Unimpresa Bat: “degrado nel centro storico di Andria, nostre proposte ignorate”

Sempre attualissimo il tema del degrado urbano che continua ad alimentare una spaventosa e progressiva decrescita del centro storico della città di Andria. Il rischio ora è quello di vanificare gli ingenti investimenti di privati, di imprenditori e di chi ha creduto in una ricrescita del centro antico andriese.

A proposito della delicatissima situazione è intervenuto uno dei più attenti osservatori anche del borgo antico andriese, promotore di tantissime iniziative, anche in termini di proposizione di soluzioni ed accordi di programma, mai ascoltate e continuamente, ingiustificatamente e colpevolmente ignorate dalla classe dirigente ed amministrativa locale che ora si trova a combattere il suo stesso male per anni trascurato e neppure minimamente curato.

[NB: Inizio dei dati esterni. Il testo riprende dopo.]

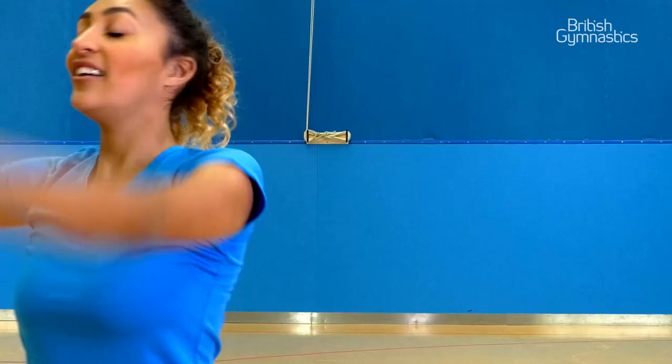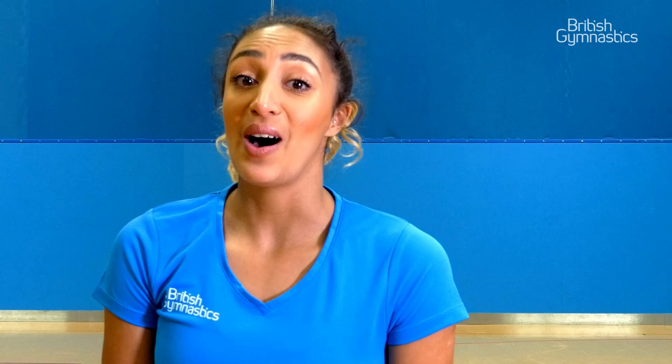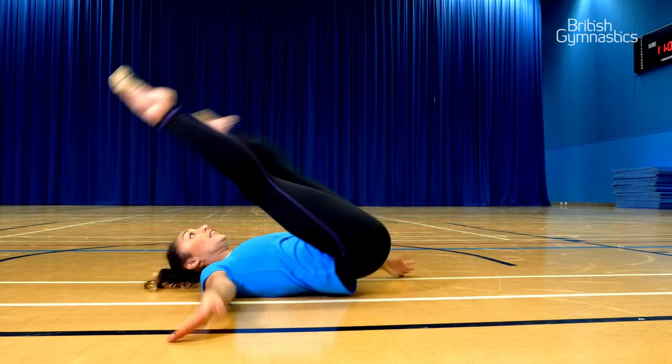Squeeze your tummy muscles and keep your other muscles tight, especially your arms and legs. How about joining the spins? Try one on your bottom or your back. Have a go!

Il Presidente UNIBAT, Savino Montaruli, ha dichiarato: “dopo la vicenda dei dehors che tanti danni sta causando e causerà agli esercenti che ora vedono vanificati investimenti addirittura sollecitati ed autorizzati dall’amministrazione comunale attraverso i suoi uffici che oggi se ne lavano le mani, il centro storico andriese continua ad assistere ad un progressivo ed inarrestabile degrado e decrescita ampiamente preventivata in assenza di minimi interventi da parte delle istituzioni e dell’Ente pubblico distratto e avulso dalla realtà. Da anni, da tantissimi anni stiamo sollecitando interventi mai ascoltati e mai realizzati, con un’Amministrazione comunale che continua a scegliersi gli interlocutori a proprio piacimento, per convenienze, per livello di compiacimento o peggio, per livello di appartenenza e di servilismo, con assessori e dirigenti sempre alla ricerca del solo consenso, troppo distratti. Dal protocollo d’Intesa Esercenti-Associazioni-Comune-Commercianti fino al nostro progetto di riqualificazione all’interno della Zona Franca Urbana per passare dalla Smart City con il sistema di viabilità e videocontrollo: abbiamo presentato, nel corso degli anni, progettualità finalizzate ala realizzazione di minimi ma fondamentali interventi, quali la dotazione di un Regolamento Centro Storico, Buffer Zone, Zona Ambientale, che già prevedesse modalità di intervento di Arredo Urbano, Norme di Speciale Tutela e Linee di Indirizzo per l’Esecuzione degli Interventi Edilizi, Norme sul Colore, sui Materiali e altri elementi che caratterizzano l’aspetto esteriore degli edifici, nel rispetto altresì del Codice dei Beni Culturali. Tutto ignorato, per pregiudizio e per incapacità di affrontare delicate tematiche come queste. Oggi gli esercenti, i residenti, i giovani, i cittadini sono tutti scontenti e delusi per le condizioni in cui versa quello che avrebbe potuto essere elemento di rivoluzione culturale, economica e sociale della nostra città che, per il resto, non riesce ad essere né attrattiva, né ospitale né accogliente e sta perdendo, definitivamente, qualunque opportunità di crescita, di sviluppo, di progresso e di utilizzo di quegli strumenti che, al contrario, stanno cambiando radicalmente le città degli altri territorio, ambiziose e lungimiranti”.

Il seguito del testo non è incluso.